L'action politique doit, quant à elle, entraîner massivement la population dans l'insurrection nationale, condition sine qua non de l'indépendance de la France. Ce puissant soulèvement populaire doit s'accompagner de l'intensification de l'Action immédiate (AI) et s'appuyer sur un mouvement de grève générale, procédé utilisé en Italie du Nord et ayant démontré toute son efficacité dans la chute de Mussolini.

Quant à la question des armes, qui font si cruellement défaut à la Résistance, les parachutages alliés massifs doivent en partie y remédier, quelques jours avant le Jour J. Dans l'entre-temps, les résistants sont invités à se procurer des armes par tous les moyens possibles.

La quatrième partie du document est consacrée au plan de l'insurrection générale, définie comme un art ne devant rien à l'improvisation, mais tout à la préparation par les cadres de la Résistance. Le plan combine une action à trois niveaux : région, département et grandes villes.
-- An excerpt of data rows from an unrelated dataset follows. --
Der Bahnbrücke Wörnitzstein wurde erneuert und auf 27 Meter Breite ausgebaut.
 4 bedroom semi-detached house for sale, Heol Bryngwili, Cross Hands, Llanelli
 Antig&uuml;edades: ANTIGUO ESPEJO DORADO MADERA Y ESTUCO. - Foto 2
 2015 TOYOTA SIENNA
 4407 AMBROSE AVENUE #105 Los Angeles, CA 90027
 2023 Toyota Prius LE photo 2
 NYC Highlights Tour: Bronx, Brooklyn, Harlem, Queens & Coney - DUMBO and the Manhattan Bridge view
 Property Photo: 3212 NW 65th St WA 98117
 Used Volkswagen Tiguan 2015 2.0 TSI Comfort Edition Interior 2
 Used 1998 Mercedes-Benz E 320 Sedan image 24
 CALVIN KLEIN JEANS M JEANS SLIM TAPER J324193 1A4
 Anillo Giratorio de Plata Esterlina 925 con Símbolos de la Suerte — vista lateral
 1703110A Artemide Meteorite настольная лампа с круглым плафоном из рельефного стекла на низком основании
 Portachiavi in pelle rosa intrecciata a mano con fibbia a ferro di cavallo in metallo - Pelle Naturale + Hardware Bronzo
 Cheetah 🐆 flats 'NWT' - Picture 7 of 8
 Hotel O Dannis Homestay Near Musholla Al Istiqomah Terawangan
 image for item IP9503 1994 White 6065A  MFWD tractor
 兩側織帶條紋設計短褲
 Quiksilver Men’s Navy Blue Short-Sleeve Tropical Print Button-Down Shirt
Il s'appuie sur le plan de défense du département, appelé "Plan Maintien de l'ordre" (MO), qui répertorie notamment tous les lieux de dépôt d'armes et de vivres.

D'autres mesures, menées concomitamment à l'insurrection, sont évoquées, telles la libération des prisonniers politiques (qui gonfleront alors les effectifs des combattants), l'occupation des sièges des organisations vichystes et vichyssoises (LVF, milice, PPF...), le coup d'arrêt aux publications de la presse aux ordres, et même, le recours à de faux ordres relayés par radio et affichage. Le texte précise que l'imagination a toute sa place dans les stratégies à employer.

La cinquième partie du document se penche sur le déclenchement de l'insurrection, qui doit tenir compte des mesures de sécurité prises par les Allemands en deux temps : la période de préalerte, interdisant la circulation de ville en ville, et la période d'alerte, interdisant la circulation au sein des villes. Seules certaines professions sont exemptées de ces interdictions de circulation : c'est le cas du personnel médical et paramédical, des policiers, des membres de la Défense Passive et des personnels des services publics. La proposition est alors lancée d'établir de fausses cartes mentionnant une activité professionnelle permettant de circuler malgré le déclenchement des alertes. De même, la désobéissance est-elle prônée.
Il est attendu de chaque CDL qu'il transmette à la BBC de Londres les "phrases conventionnelles" qui sonneront le début de l'insurrection. Par ailleurs est évoquée la question d'un signe de reconnaissance, comme le port d'un brassard blanc avec la croix de Lorraine et l'inscription "Comité de Libération-région X".

La sixième partie, intitulée "Exécutions et jugements sommaires", prône l'intensification des exécutions sommaires. Cependant, est clairement posée la question de savoir si un jugement est indispensable ou non. La mise sur pied de tribunaux de la Libération habilités à agir selon une procédure expéditive est envisagée. Les chefs régionaux de la Résistance sont appelés à se prononcer sur ce sujet, jugé essentiel.

Enfin, la dernière partie du document est consacrée à un long questionnaire sur les dispositions, les moyens, les attentes en matière de préparation de la Libération à l'échelle régionale. Il est conçu comme un appel à la réflexion destiné aux responsables départementaux et régionaux de la Résistance. Il est demandé aux chefs de régions d'envoyer leur synthèse sous un mois.